Saviez-vous que la coriandre est un anticonvulsivant efficace ?

Les herbes, y compris la coriandre, ont longtemps été utilisées comme anticonvulsivants en médecine populaire. Jusqu’à présent, de nombreux mécanismes sous-jacents du fonctionnement des herbes restaient inconnus. Des chercheurs ont découvert l’action moléculaire qui permet à la coriandre de retarder efficacement certaines crises courantes dans l’épilepsie et d’autres maladies.

L’action moléculaire de la coriandre

L’étude, publiée dans le FASEB Journal, explique l’action moléculaire de la coriandre en tant qu’activateur très puissant du canal potassique dit KCNQ.

Geoff Abbott, PhD, professeur de physiologie et de biophysique à l’École de médecine UCI et directeur enquêteur sur l’étude, déclare :

Nous avons découvert que la coriandre, qui a été utilisée comme médicament anticonvulsivant traditionnel, active une classe de canaux potassiques dans le cerveau pour réduire l’activité des crises.
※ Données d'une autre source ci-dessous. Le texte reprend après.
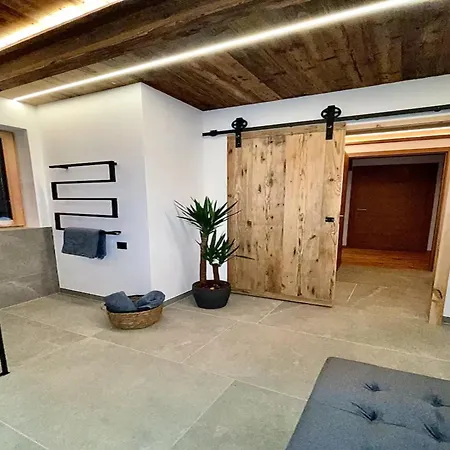Semesterbostad Larf Do Nigst - Exklusives Ski In- Ski Out Chalet *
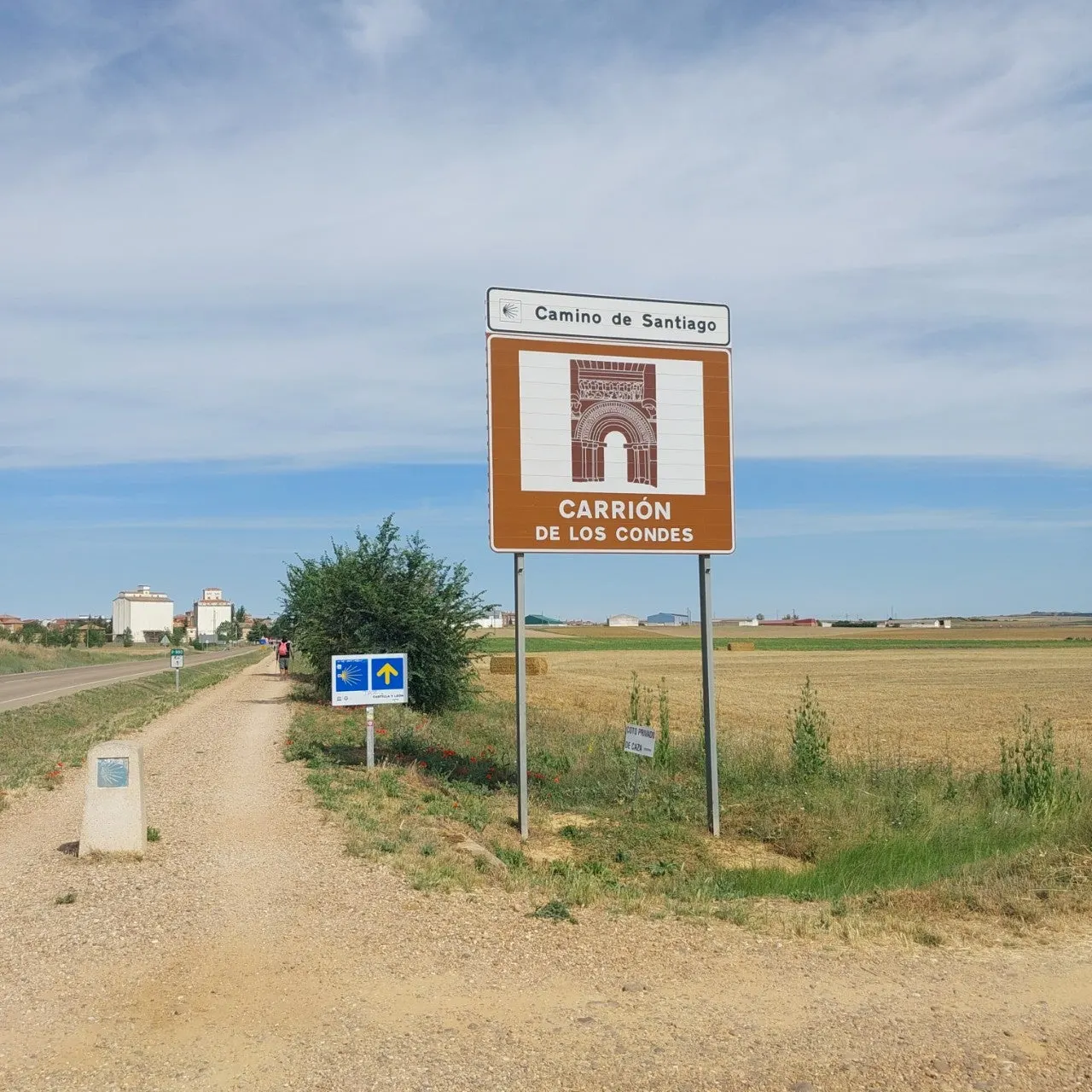 j_c5bUd018svcwf51s9i57pko_bc1i52.jpg?type=e1920_std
Plus précisément, nous avons trouvé un composant de la coriandre, appelé dodécénal, qui se lie à une partie spécifique des canaux potassiques pour les ouvrir, ce qui réduit l’excitabilité cellulaire. Cette découverte spécifique est importante, car elle peut conduire à une utilisation plus efficace de la coriandre comme anticonvulsivant, ou à des modifications du dodécénal pour développer des anticonvulsivants plus sûrs et plus efficaces.
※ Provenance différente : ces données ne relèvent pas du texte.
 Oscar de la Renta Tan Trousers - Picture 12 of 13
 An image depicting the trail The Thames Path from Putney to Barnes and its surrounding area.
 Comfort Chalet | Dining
Le professeur Abbott et son collègue Rian Manville ont examiné les métabolites des feuilles de coriandre. Les résultats ont révélé que l’un activait plusieurs canaux potassiques KCNQ, y compris l’isoforme neuronale prédominante et l’isoforme cardiaque prédominante, qui sont responsables de la régulation de l’activité électrique dans le cerveau et le cœur.

Connu sous le nom d’aldéhyde gras à longue chaîne (E) -2-dodécénal, ce métabolite s’est également révélé récapituler l’action anticonvulsivante de la coriandre, retardant certaines crises d’origine chimique.

Le professeur Abbott ajoute :

En plus des propriétés anticonvulsivantes, la coriandre a également signalé des effets anticancéreux, anti-inflammatoires, antifongiques, antibactériens, cardioprotecteurs, gastriques et analgésiques. Et la meilleure partie, c’est que ça a bon goût!

La coriandre en médecine traditionnelle

Son utilisation remonte aux origines même de l’homme. Il existe des preuves ADN, remontant à 48 000 ans, qui suggèrent la consommation de plantes médicinales par l’Homo neanderthalensis. Des preuves archéologiques, remontant à 800 000 ans, suggèrent une utilisation non alimentaire des plantes par l’Homo erectus ou des espèces similaires.

Aujourd’hui, les preuves de l’efficacité des plantes médicinales vont de l’anecdotique aux essais cliniques. Dans de nombreux cas, ces «médicaments» sont actuellement consommés, souvent à grande échelle, comme denrées alimentaires ou arômes alimentaires.

La coriandre en est un exemple. Elle est consommée par l’homme depuis au moins 8 000 ans. Selon plusieurs revues, elle a été trouvée dans le tombeau de Toutankhamon et aurait été cultivée par les anciens Égyptiens.